First comment on train/test distribution, the 70%/30% or 67%/33% is not the golden rule, in fact its an old rule which does not work well in many more applications, especially in this era of big data. The recommended practice is to use train/dev/test sets and the ratio differs on the nature of the application and the data availability. Train set is to run the algorithm on, Dev set is to improve learning by tuning parameters, selecting features etc.. and the Test set is to finally evaluate the model on.
Now for the question asked, First some thoughts (you might disagree):
If you are using only train/test splits, it mean you are actually tuning your model on test split. Because you train the model, and then evaluate it with test split. If it is not accurate, you tune parameters and again evaluate it on test data. So indirectly test split is same as dev set and test set. This is not recommended especially when you have large dataset and you expect quite different test data than yours in future when you actually deploy the model to use. Anyhow, lets move to the point:
Whether train and test should be from same distribution or different?
Consider an example (sorry if the example is not perfect),
"You want to detect chicken in images (i.e. if an image contains chicken or not?). Your dataset contains images with and without chickens. But the chickens in these images are of two different breeds let say A and B. Both breeds are of different colors and have shape differences"

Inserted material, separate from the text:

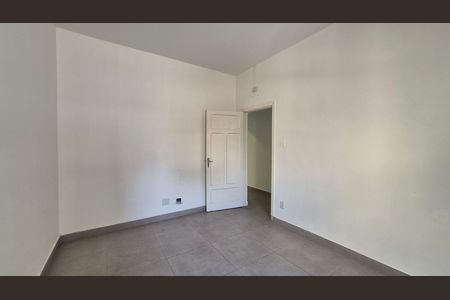 Quarto de casa para alugar com 2 quartos, 144m² em Vila Santa Teresa, Santo André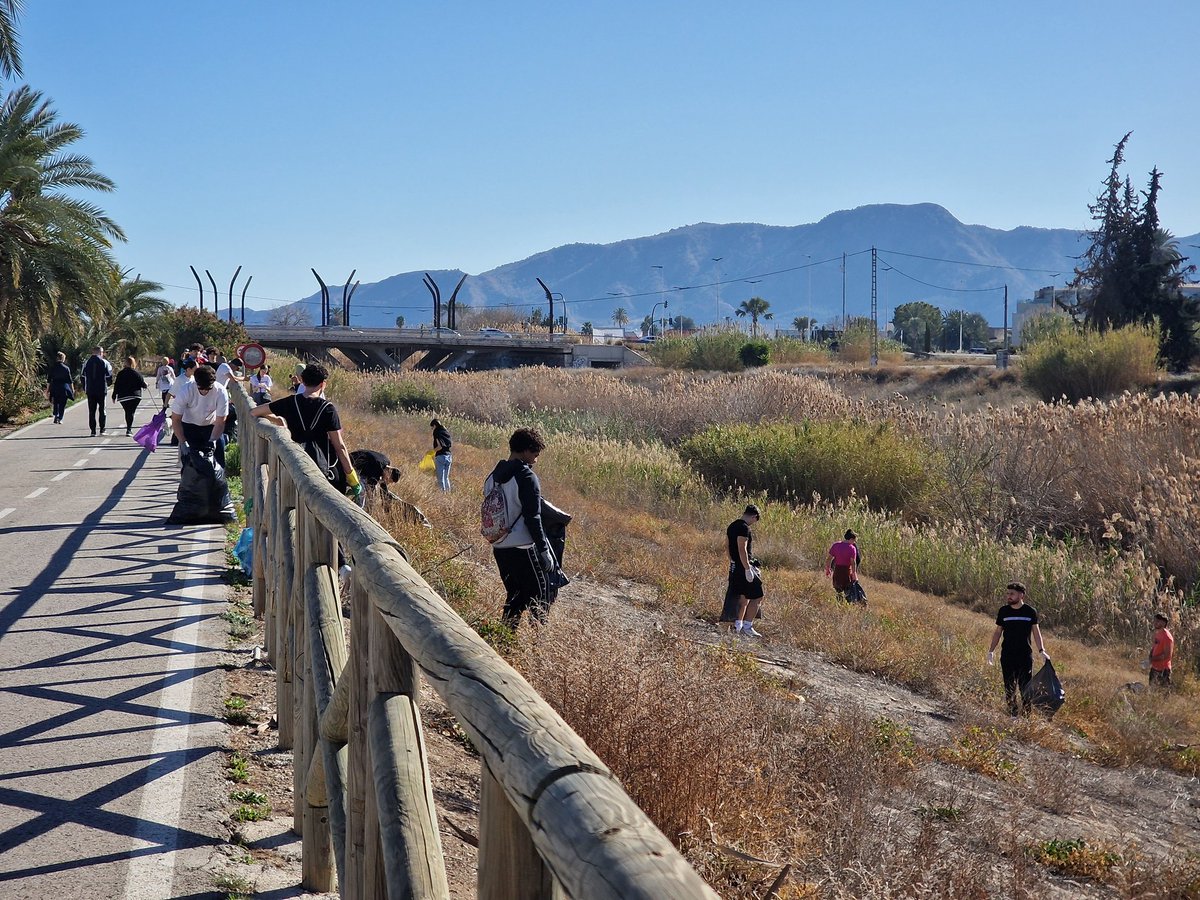 "La juventud de ahora es que..." Pues estos jóvenes de ahora están limpiando en el Segura la porquería que deja ahí gente de todas las edades #vistabella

If you choose train data to be from a different distribution than test --- it means in the example you will train your model using breed-A chickens. When you apply this model on the test data, it will most likely fail to detect breed-B chickens. So you should train the model to detect both types of breeds. In other words, your train and test sets should be from the same distribution.
If your question is for train, test sample ratio. then my answer is: NO, it depend on the application. My suggestion is use less for training and more for testing.. e.g: 20%(train)-80%(test) or 30% -70%.
And, If your question is for train/test sample value selection from different region of data then the answer is YES
No need. For example for a same subject or class, a train set may have 5 samples and a test may have 1 to n samples. But the number of classes in train set and test set should be the same.
For example if ur using 10 classes in train set for feature extraction, the same 10 classes should be used in test set.
First comment on train/test distribution, the 70%/30% or 67%/33% is not the golden rule, in fact its an old rule which does not work well in many more applications, especially in this era of big data. The recommended practice is to use train/dev/test sets and the ratio differs on the nature of the application and the data availability. Train set is to run the algorithm on, Dev set is to improve learning by tuning parameters, selecting features etc.. and the Test set is to finally evaluate the model on.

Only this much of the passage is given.